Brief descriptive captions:
***

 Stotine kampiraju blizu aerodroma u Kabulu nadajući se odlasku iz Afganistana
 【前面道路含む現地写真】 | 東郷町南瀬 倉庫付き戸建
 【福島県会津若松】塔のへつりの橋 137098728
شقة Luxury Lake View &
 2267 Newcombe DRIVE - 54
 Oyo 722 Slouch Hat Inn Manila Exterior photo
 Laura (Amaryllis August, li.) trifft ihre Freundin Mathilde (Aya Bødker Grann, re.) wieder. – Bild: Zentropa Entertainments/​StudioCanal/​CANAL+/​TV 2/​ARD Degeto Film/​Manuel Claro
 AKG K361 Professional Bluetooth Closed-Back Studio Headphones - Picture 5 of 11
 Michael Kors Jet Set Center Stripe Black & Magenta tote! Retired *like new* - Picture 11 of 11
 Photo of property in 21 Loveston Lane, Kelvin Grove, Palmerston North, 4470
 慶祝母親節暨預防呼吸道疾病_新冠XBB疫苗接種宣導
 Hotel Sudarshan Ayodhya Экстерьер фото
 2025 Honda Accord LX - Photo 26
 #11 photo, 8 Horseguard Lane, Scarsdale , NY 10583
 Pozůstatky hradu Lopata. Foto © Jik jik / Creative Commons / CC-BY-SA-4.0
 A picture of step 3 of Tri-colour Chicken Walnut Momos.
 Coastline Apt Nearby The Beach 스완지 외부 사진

***

**Exercise instructions**
Repeat the records. Match them exactly.

**Worked solution**
 Stotine kampiraju blizu aerodroma u Kabulu nadajući se odlasku iz Afganistana
 【前面道路含む現地写真】 | 東郷町南瀬 倉庫付き戸建
 【福島県会津若松】塔のへつりの橋 137098728
شقة Luxury Lake View &
 2267 Newcombe DRIVE - 54
 Oyo 722 Slouch Hat Inn Manila Exterior photo
 Laura (Amaryllis August, li.) trifft ihre Freundin Mathilde (Aya Bødker Grann, re.) wieder. – Bild: Zentropa Entertainments/​StudioCanal/​CANAL+/​TV 2/​ARD Degeto Film/​Manuel Claro
 AKG K361 Professional Bluetooth Closed-Back Studio Headphones - Picture 5 of 11
 Michael Kors Jet Set Center Stripe Black & Magenta tote! Retired *like new* - Picture 11 of 11
 Photo of property in 21 Loveston Lane, Kelvin Grove, Palmerston North, 4470
 慶祝母親節暨預防呼吸道疾病_新冠XBB疫苗接種宣導
 Hotel Sudarshan Ayodhya Экстерьер фото
 2025 Honda Accord LX - Photo 26
 #11 photo, 8 Horseguard Lane, Scarsdale , NY 10583
 Pozůstatky hradu Lopata. Foto © Jik jik / Creative Commons / CC-BY-SA-4.0
 A picture of step 3 of Tri-colour Chicken Walnut Momos.
 Coastline Apt Nearby The Beach 스완지 외부 사진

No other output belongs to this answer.